Ciência, Religião e Direito: aborto de feto anencefálico


Por Carlos Venerio

O julgamento do STF sobre o aborto de feto anencefálico é um destes grandes momentos do direito, em que as reflexões sobre o jurídico se cruzam obrigatoriamente com questões ligadas à ciência, moralidade, religião e, por que não, sobre que diabos afinal é o próprio direito.

Sei que não é fácil acompanhar um julgamento desses. O primeiro obstáculo para o cidadão comum é a linguagem dos votos, quase sempre empolada e obscura. O segundo obstáculo é o tempo das manifestações: é raro o ministro que concorda com o relator simplesmente manifestar sua aquiescência ou apenas afirmar aquilo que faltou dizer.

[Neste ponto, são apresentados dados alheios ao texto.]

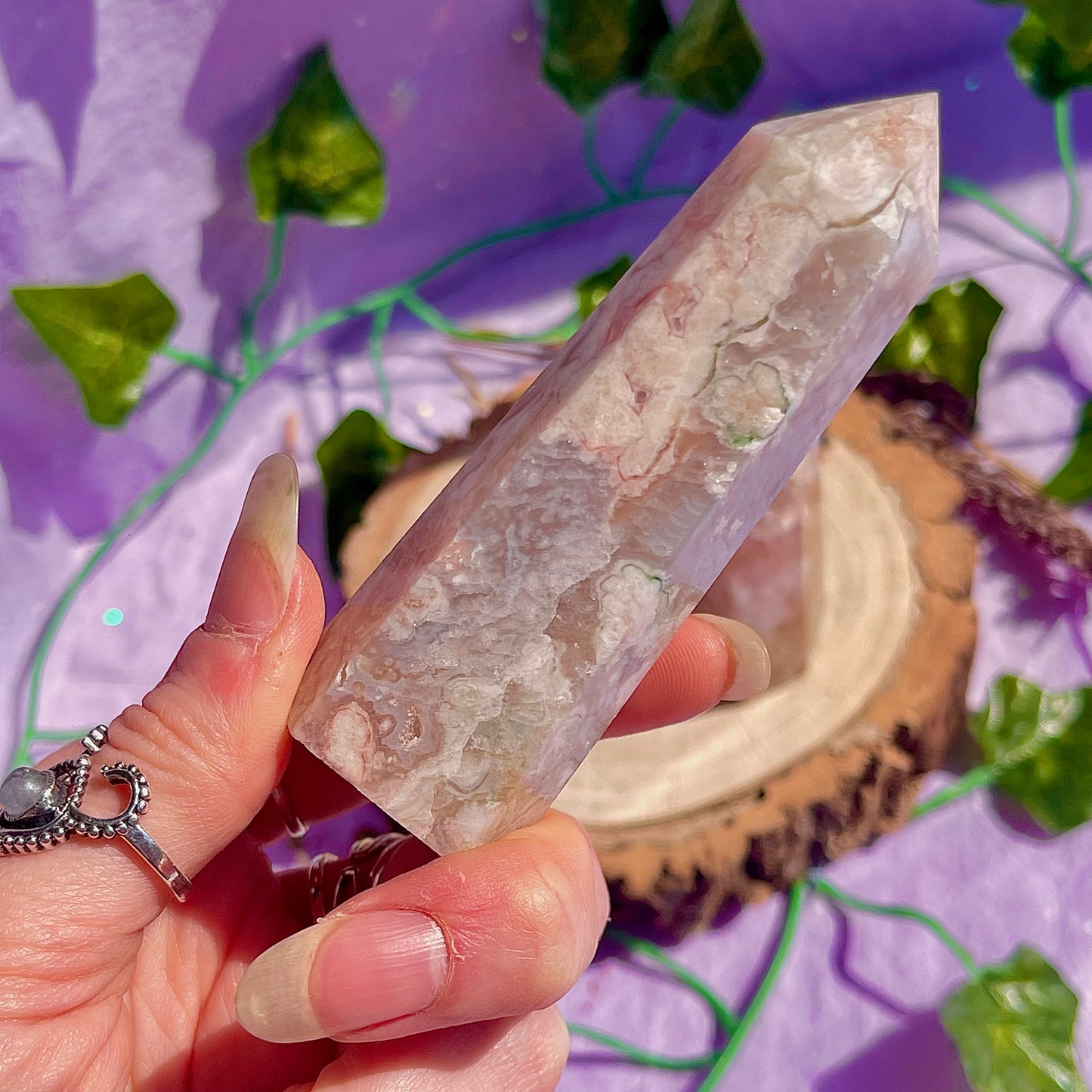 flower agate tower ~ choose your own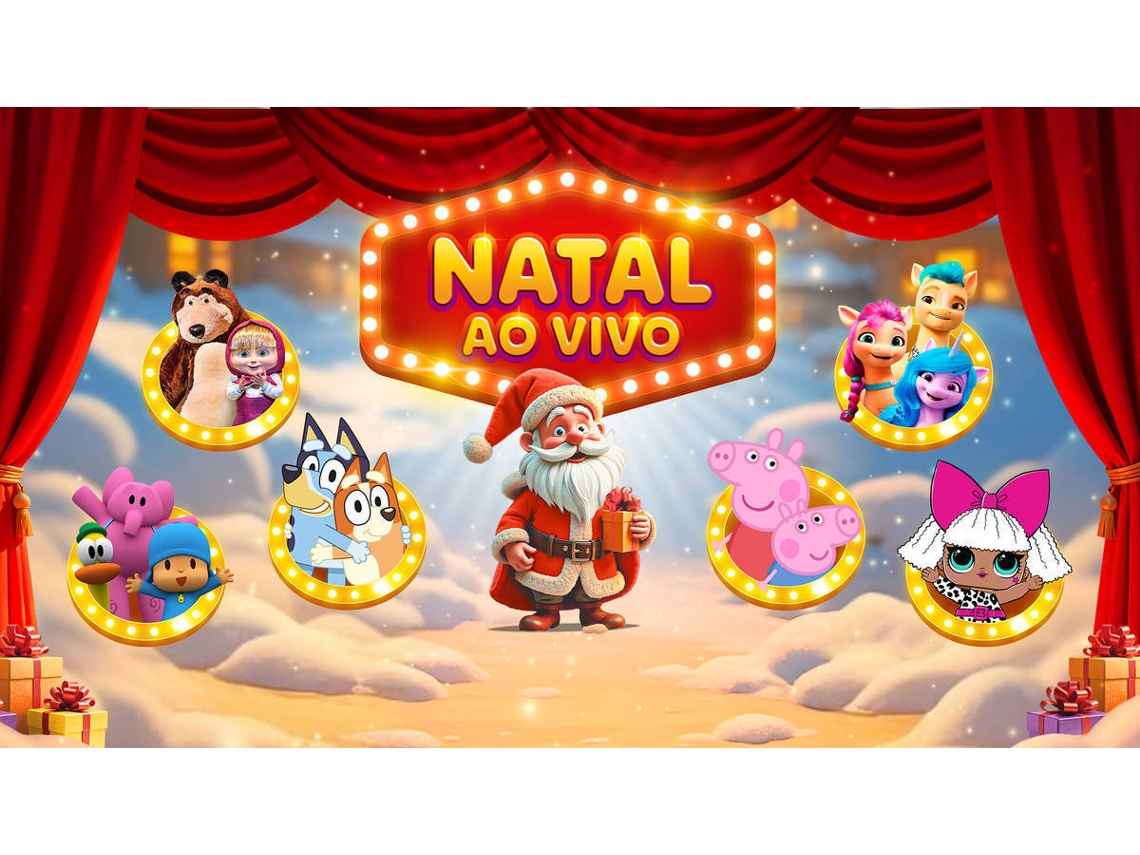Bilhete NATAL AO VIVO|LISBOA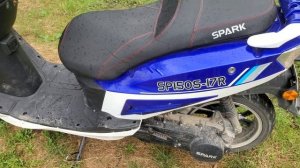 СКУТЕР 150ТКА SPARK SP150S-17R 157QMJ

E lá vem mais uma hora de muitas repetições em votos lidos, nem sempre lidos com muita empolgação.

Já foi dito que o STF não funciona como verdadeiro colegiado e isso fica escancarado quando se observa a justaposição de votos que não dialogam verdadeiramente. A transmissão pela TV tem a ver com isso. Se por um lado é bom para a cidadania ver um julgamento deste porte na sala de casa, por outro a exposição leva os ministros a reiterarem seu viés performático e aí a boa intenção se mostra inviável: quem pode ficar dois dias ou mais escutando a leitura de textos complicados?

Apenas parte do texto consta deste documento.